> Exercise aim
From the first line to the last, restate the material word for word, omitting pictures.

━━━━━ Raw data

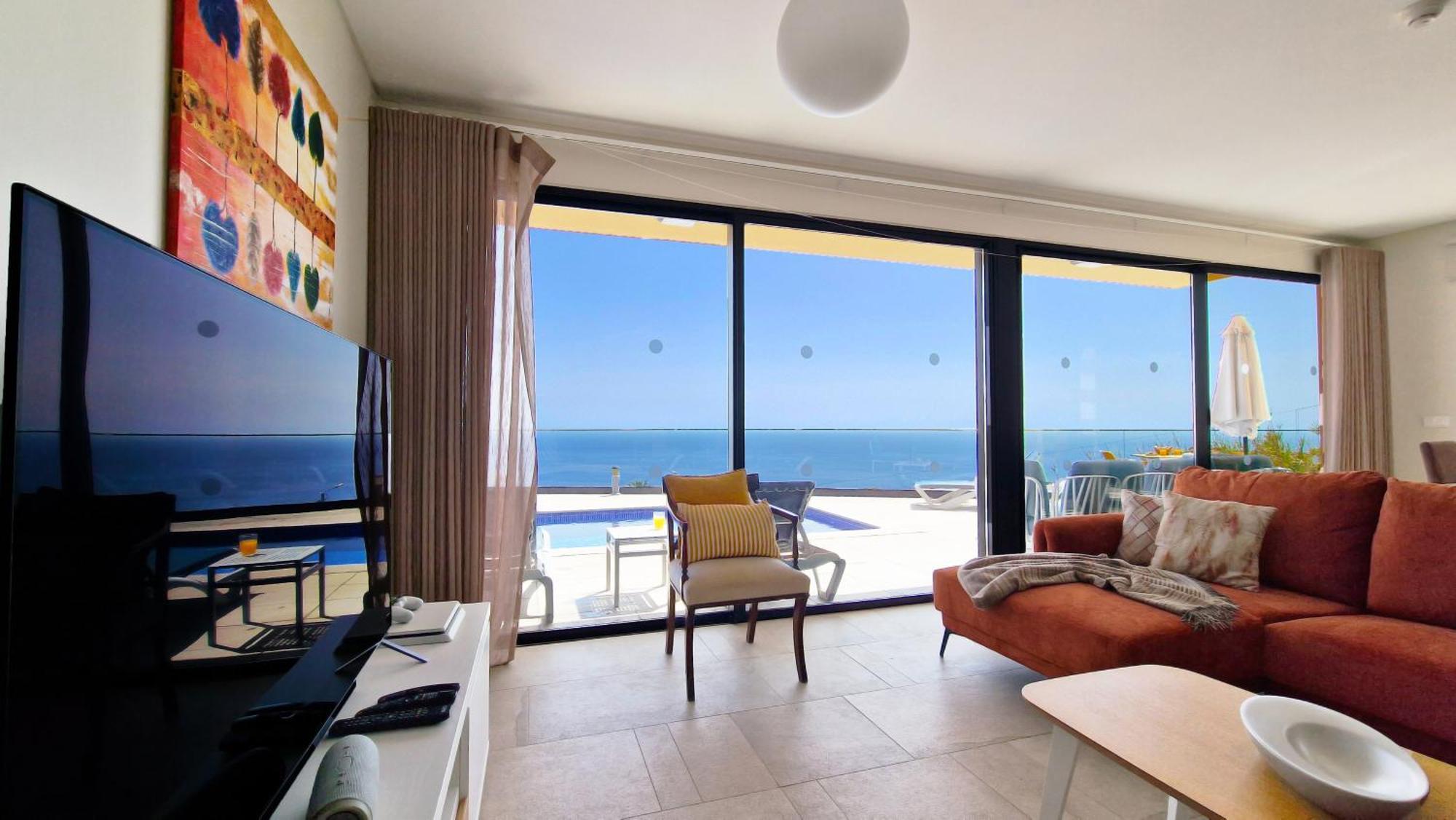 Eden Sun - A Modern Luxury Villa With A Panoramic View Prazeres Bagian luar foto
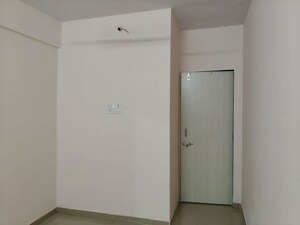 Room in 1 BHK Apartment at Kopar Khairane – for Rent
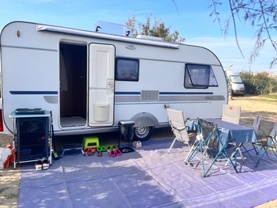 Location camping car adria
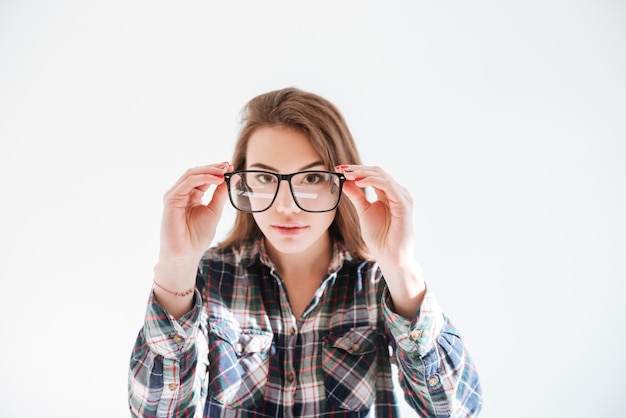 Foto mujer atractiva con gafas posando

━━━━━━━━━━

> Response
 Eden Sun - A Modern Luxury Villa With A Panoramic View Prazeres Bagian luar foto
 Room in 1 BHK Apartment at Kopar Khairane – for Rent
 Location camping car adria
 Foto mujer atractiva con gafas posando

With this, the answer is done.